Professor of English Literature

Centurion, 1893–1930

Born 12 May 1855 in Beverly, Massachusetts

Died 2 January 1930 in Beverly, Massachusetts

Buried Central Cemetery, Beverly, Massachusetts

Proposed by Edmund C. Stedman, Frank Dempster Sherman, and Nicholas Murray Butler

Elected 3 June 1893 at age thirty-eight

Seconder of:

Century Memorial

As author and critic, George Edward Woodberry belongs to the period commonly described as “a generation ago.” In his writings, Woodberry was amazingly prolific. Nearly forty separate books bear his imprint as author, some of them books of six or more volumes; the collections which he edited—writings of Shelley, Poe and Bacon, for instance—bring the record of tangible literary achievement higher still. These publications issued intermittently from the press between 1883 and 1917; they will fill the shelf of a good-sized library. All of them have the flavor of his own poetic imagination and interpretation. No one could lay down any of them without the current of his own thought being turned in a new direction.
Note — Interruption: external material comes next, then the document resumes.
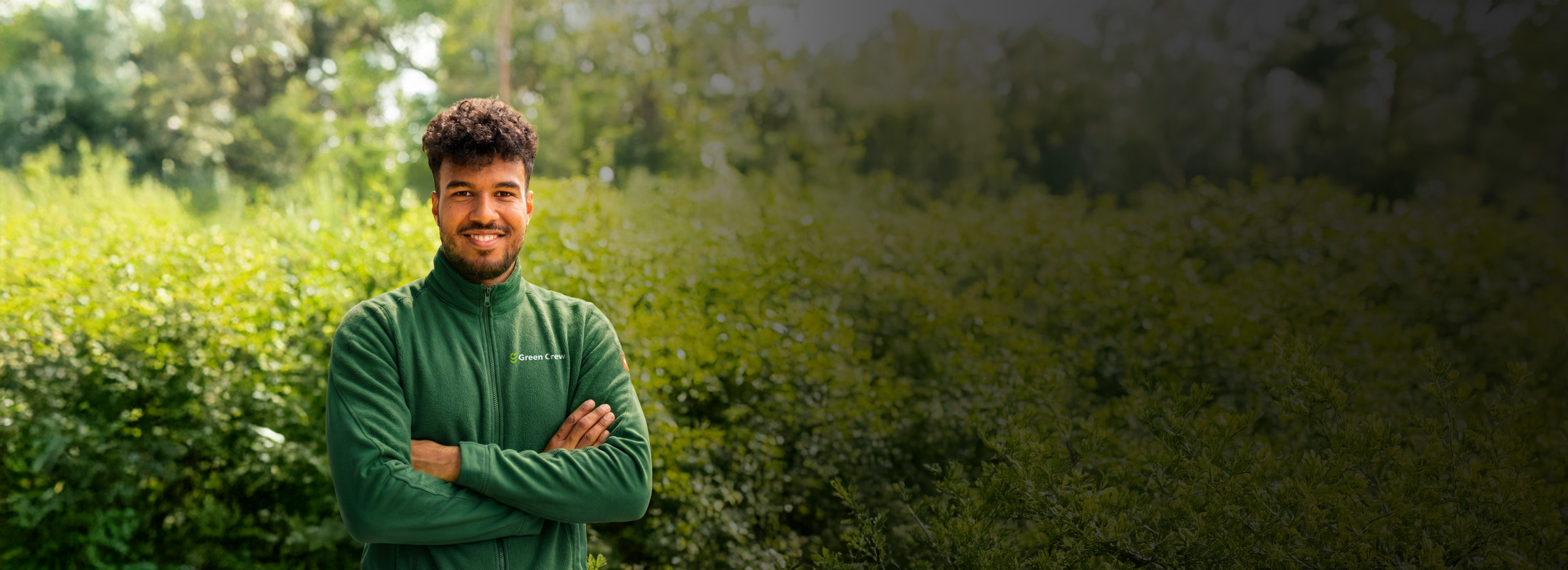 Green Crew Berlin – Professionelle Gartenpflege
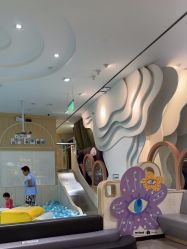 -MELAND CLUB亲子乐园·派对(浦东LCM置汇旭辉馆)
But Woodberry’s real place is in the traditions of Columbia. He never taught there after 1902, but his courses in English prose and poetry, in literary criticism and in what was then called “comparative literature,” are still remembered at the University. Like all born teachers, Woodberry was a law to himself. He did not agree with the Faculty’s ideas of the period, that the urging of pupils to make up their own minds on literary questions was more suitable with graduate students than with undergraduates. He was likely enough to devote one of his semi-weekly lectures to remarks on some branch of literature quite unconnected with his course and only incidentally suggested by it; as when he gave up a whole day’s talk to lyrics of the Civil War, although the topic prescribed was the mediæval song of adventure and military prowess. He sometimes asked the impossible from his classes, as when he bade them on Tuesday to “reread before Thursday the Iliad and the Odyssey, preferably in the original.” But whether he held the Faculty or not, Woodberry always held his pupils. The shy and reserved demeanor, which kept him in the background of ordinary intercourse, was thawed out by the warm enthusiasm that kindled with his favorite literary visions of the class-room, and the Columbia students of that day crowded to his courses.